Patients and methods: We examined those cases recorded on our soft tissue sarcoma database between January 1986 and September 1999 who had recurred locally following surgery and radical post operative radiotherapy. We excluded patients with residual macroscopic disease following surgery and any patients with metastatic disease at presentation. We recorded details relating to original tumour stage, histological type, grade and surgical margins. The cohort included 8 patients with T1 (47%) and 9 patients with T2 tumours (53%). The tumours were grade 1, 2 and 3 in 2 (12%), 6 (35 %) and 9 (53%) number of cases respectively. The majority of patients were treated with a phase I volume corresponding to the entire muscle compartment which received 50 Gy in 25 fractions over 5 weeks. The phase II was a reduced volume corresponding to the tumour bed and received 10 Gy in 5 fractions during the sixth week of treatment. Four of the patients were treated according to a hyperfractionated regimen consisting of 72 Gy in 60 fractions twice daily over 6 weeks with volume reduction after 60 Gy.

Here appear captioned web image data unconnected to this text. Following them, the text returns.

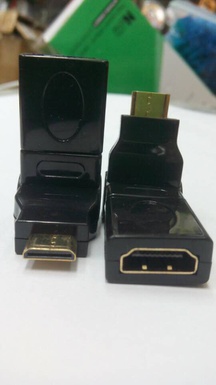 Jack Mini HDMI to HDMI 360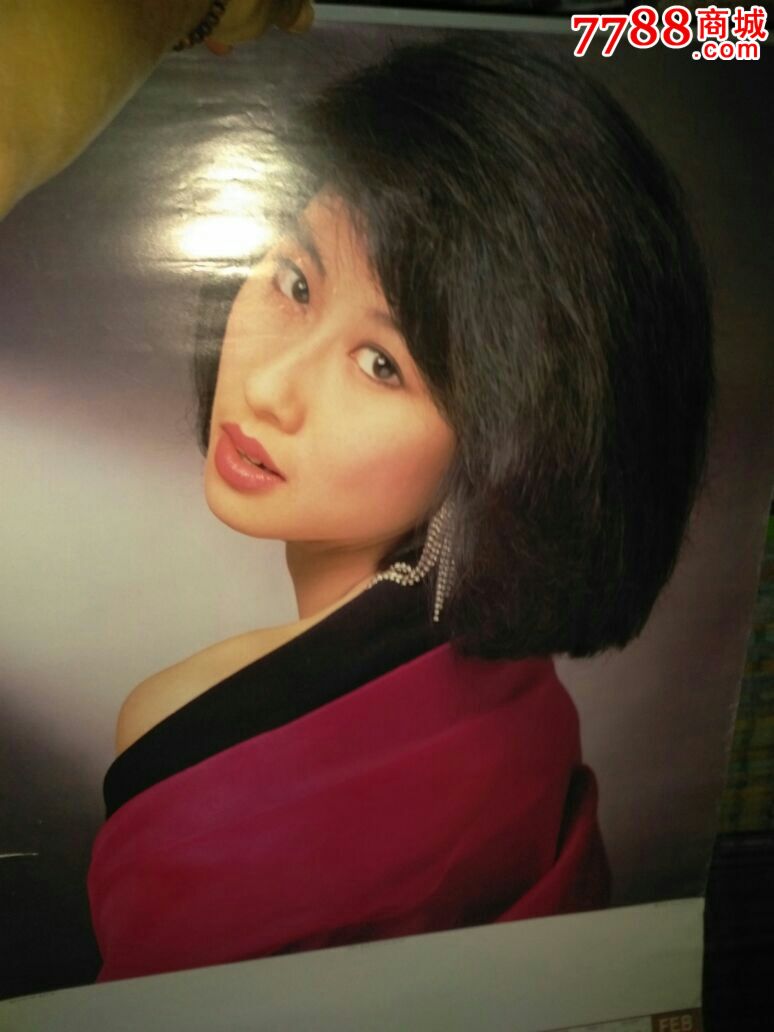 1999年香港明星挂历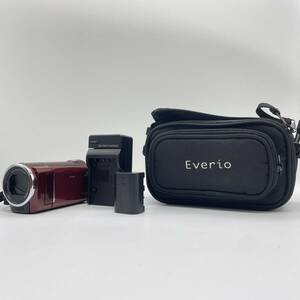 【動作確認済み】JVC Everio GZ-HM670-R 　 デジタルビデオカメラ　ハンディビデオカメラ　カメラ　JVC ビクター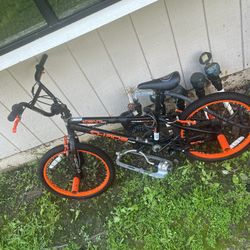 6-Year-Old BMX Bike – Great Condition – $250 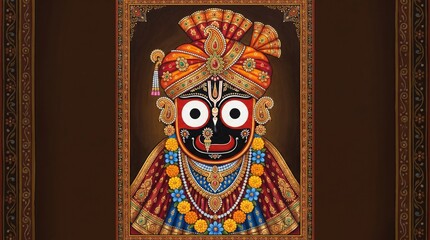 Obraz premium Lord Jagannath Ji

Results: Mean time to local recurrence was 26 months. Four (23%) patients recurred within the phase I volume, 9 (53%) recurred within the phase II volume and 3 (18%) outside the irradiated volume. One recurrence was marginal. Eight patients who relapsed had positive surgical excision margins originally. In 6 patients there had been deviations from our radiotherapy protocol, usually unavoidable, which may have accounted for treatment failure; these included all three out of field recurrences. Of the 11 patients for whom it was possible to adhere strictly to protocol, 2 recurred in the phase I volume and 9 in the phase II volume. With a mean follow-up time since completion of radiotherapy of 63 months, 7 patients have died, and of these 6 were disease- related.

Conclusion: A dose greater than 60Gy may be necessary despite initial complete surgical resection. Prospective, multi-centre data collection and ideally a randomized trial are required to formulate an improved treatment policy.

Keywords: sarcoma, post-operative radiotherapy, recurrence, conservative surgery.